On the bright side, the small community was generally supportive of the institution. Some of the residents were criminally convicted. There was one man in his 30s who had killed a friend of his at 12 or 13, and he had been committed since. He and others were allowed a walking period around town in the afternoon and evening for hours based on the honor system. They always returned, where else could they go? They had a good meal and a warm bed waiting for them. No one in the general public approached them menacingly or in an inappropriate manner that I was ever aware of, nor did they reoffend while among the public.
It pains me to think what this large scale privatization accomplished by blocking these avenues that worked for people who made grievous mistakes at one time but can remain part of society with specialized care, and then funneling more money than god has into state prisons and related contractors.
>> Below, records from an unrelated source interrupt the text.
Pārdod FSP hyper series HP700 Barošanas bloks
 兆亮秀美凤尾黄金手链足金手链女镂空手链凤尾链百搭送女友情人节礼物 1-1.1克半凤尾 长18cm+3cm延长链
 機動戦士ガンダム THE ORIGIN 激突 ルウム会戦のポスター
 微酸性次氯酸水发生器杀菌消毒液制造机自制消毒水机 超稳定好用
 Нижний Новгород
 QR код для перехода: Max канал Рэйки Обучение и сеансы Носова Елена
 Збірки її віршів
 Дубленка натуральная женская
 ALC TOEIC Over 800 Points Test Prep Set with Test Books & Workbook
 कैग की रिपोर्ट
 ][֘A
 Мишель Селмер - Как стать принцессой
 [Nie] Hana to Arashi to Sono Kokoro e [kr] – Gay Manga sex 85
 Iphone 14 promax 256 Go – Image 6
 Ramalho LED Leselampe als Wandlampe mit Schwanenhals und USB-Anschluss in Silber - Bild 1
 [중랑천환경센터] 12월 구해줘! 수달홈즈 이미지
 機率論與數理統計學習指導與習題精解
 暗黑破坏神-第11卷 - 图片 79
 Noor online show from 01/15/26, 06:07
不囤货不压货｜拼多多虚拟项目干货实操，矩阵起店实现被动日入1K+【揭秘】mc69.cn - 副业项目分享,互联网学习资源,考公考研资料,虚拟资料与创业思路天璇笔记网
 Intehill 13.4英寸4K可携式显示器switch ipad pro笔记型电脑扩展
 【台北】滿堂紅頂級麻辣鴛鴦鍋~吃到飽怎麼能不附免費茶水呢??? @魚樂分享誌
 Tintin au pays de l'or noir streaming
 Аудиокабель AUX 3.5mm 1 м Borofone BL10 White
This barely registers as a question now in what we call public squares which is testament to how effective the initiative was.
The summer before my junior year, the company that had recently bought the facility called upon my supervisor and an employee of her choice (me) to an old folks nursing home hours away they had also recently acquired as all the staff had collectively walked out. To scab, basically, but! they wanted these facilities to turn a profit and like Ramsay’s public representation of Blackstone spells out, there are standards. And, also, we were dedicated workers in our field who cared about people stuck into these black holes.
This one was in such bad repair it was shocking. Everything on the outside was overgrown to the point you couldn’t be sure if you weren’t entering a forgotten mausoleum. Thankfully, the residents were indeed alive, but medicine and housekeeping carts stood as if they were suddenly abandoned. The hallway walls were grimy and frankly it was spooky. The kitchen was a wreck, and it needed a thorough cleaning before we could properly cover some shifts, two doubles over a weekend. However, lunch had to come first. Through all the mess and disorganization, we pushed out tuna melts we were surprised we were even able to pull off. It was also the first (and only) time my boss had made me cry, but to be fair this was a situation that neither of us had been pushed into before, and she knew I was still just 16. The state of this place would have thrown anyone off. We did the thing though, conquered in that little bubble, and then cruised around in her Mustang with the top down smoking cigarettes.